First port of call was Bolton v Tottenham. 5live were covering it, but with Gareth Bale freshly restored to my fantasy team in place of Rafael van der Vaart, I decided to find a live stream on the internet. It was a good decision. What a game. Bolton played really well, far better than their stereotypical hoof it style of play that most followers of the game give them credit for. Spurs didn't play badly, but off the back of a stunning display against the European champions, they were out-hustled by a fired up Wanderers side. Sadly, the aforementioned Bale didn't have anything to do with either of Tottenham's goals, and so registered a measly two points on the old fantasy.
A combination of certain sides playing on Sunday, and Dimitar Berbatov not playing for United meant that the three o'clock kick offs only involved three of my fantasy players.
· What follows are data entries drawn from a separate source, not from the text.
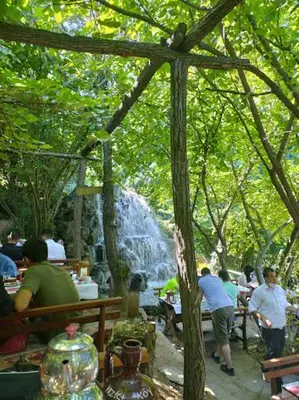 a group of people sitting at tables in front of a waterfall at Köyevi Teras Bungolov in Kartepe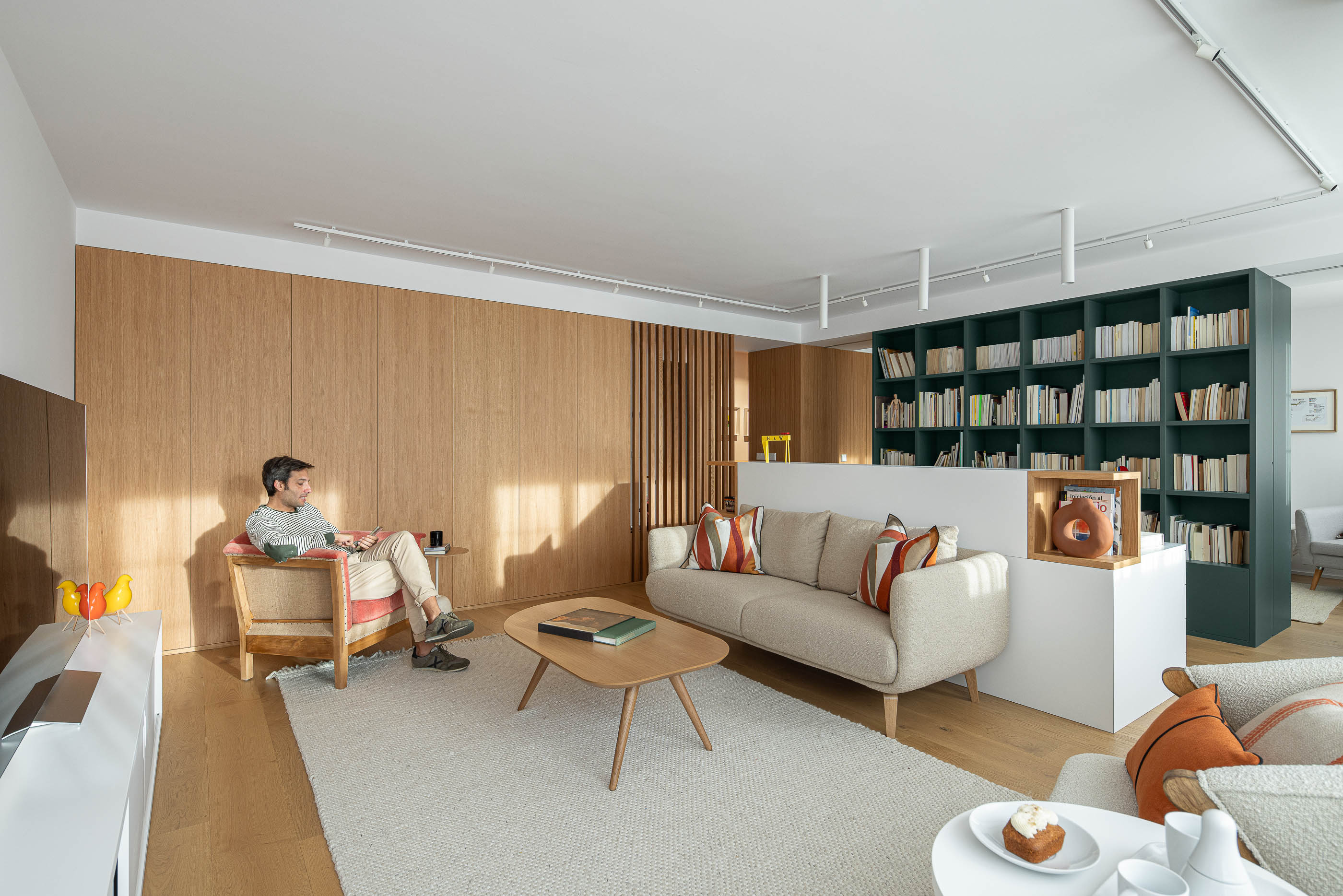 Sala de estar com sofá cinzento, cadeirão de madeira e estante verde escura. Pavimento em madeira clara e alcatifa clara. — Reforma Apartamento CV em Avilés arquitetura David Olmos Arquitectos em Avilés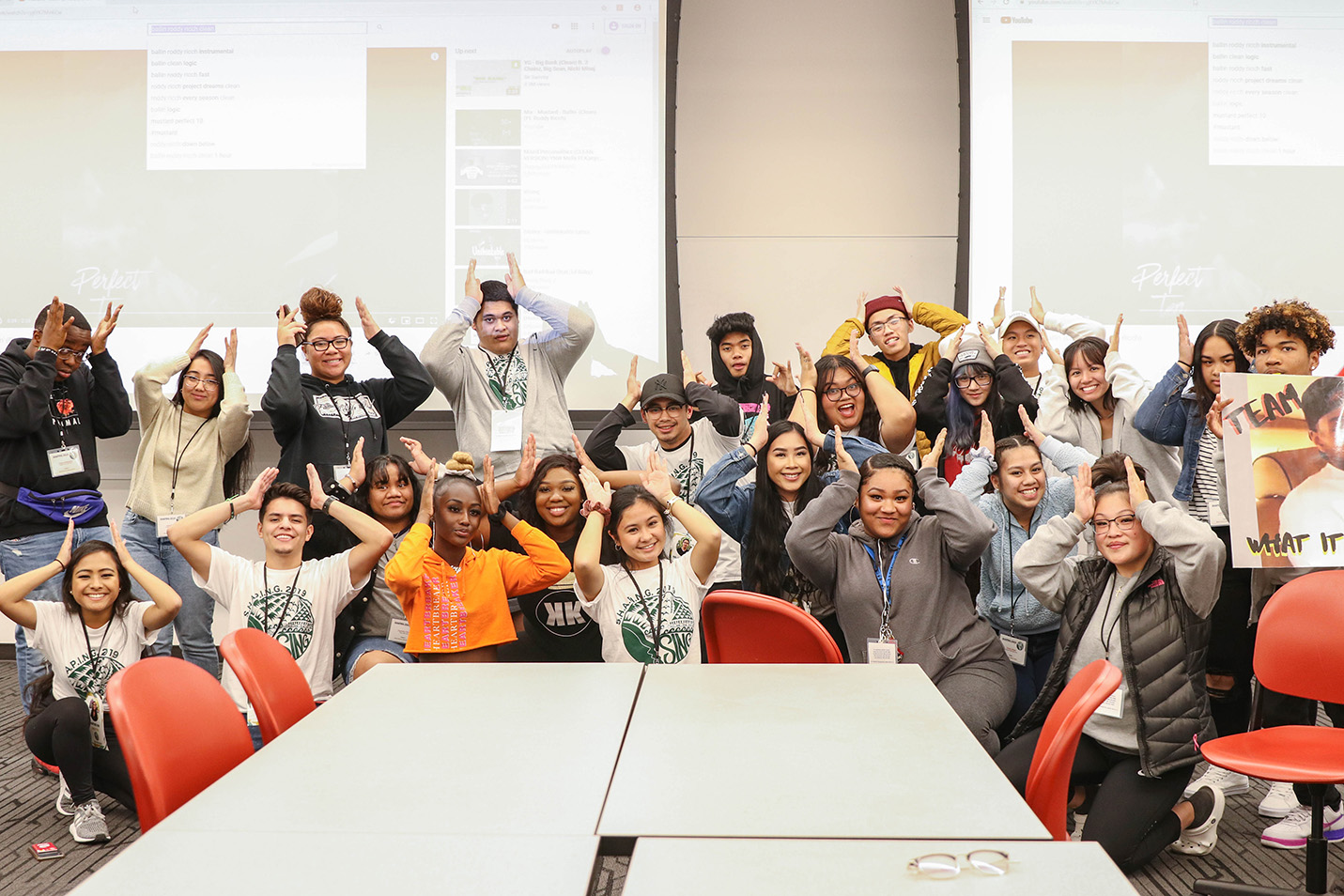 High School students and student leaders making coug ears during the annual shaping conference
A massive thanks for coming it was from them as well, as Javier Hernandez got himself booked, Stephen Carr conceded two goals, and although he saved a few, Paul Robinson let in one. So they contrived to total five points, which, when added to Bale's earlier contribution, left me with a spectacularly average seven points. Cheers for that.
Despite this, my team has had a pretty decent start to the season, so one bad weekend isn't the end of the world. On the contrary, United's start to the season has left a lot to be desired, sacrificing leads at Everton and Fulham, amongst other places. So when Park Ji-Sung made it 2-1 against Wolves with a minute left, I was so happy i somehow managed to jump up and down on my bed, whilst in a cross-legged sitting position. Fantastic stuff.
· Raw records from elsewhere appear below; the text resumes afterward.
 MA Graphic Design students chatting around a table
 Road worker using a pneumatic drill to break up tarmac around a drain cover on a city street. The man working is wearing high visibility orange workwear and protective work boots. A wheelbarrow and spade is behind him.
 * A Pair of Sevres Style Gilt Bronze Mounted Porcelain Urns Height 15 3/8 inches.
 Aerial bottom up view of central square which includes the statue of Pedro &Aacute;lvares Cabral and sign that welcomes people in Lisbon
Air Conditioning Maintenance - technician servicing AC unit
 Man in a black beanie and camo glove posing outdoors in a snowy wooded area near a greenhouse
On to Sunday. Once again I woke up after midday, I like to think of it as saving my energy for later in the day. Arsenal Newcastle rolled around fairly quickly, and it was a case of title race v fantasy team. My team contains Marouane Chamakh, Cesc Fabregas and Theo Walcott, who, for the second week in a row, was my captain. I like to make a few hero plays with my team, in the hope that if it pays off, no one else gets those points. However, the last two weeks it hasn't gone well at all. In both games Walcott hit either post or bar. Oh the pain. 20 points minimum missed out on by the width of a stick.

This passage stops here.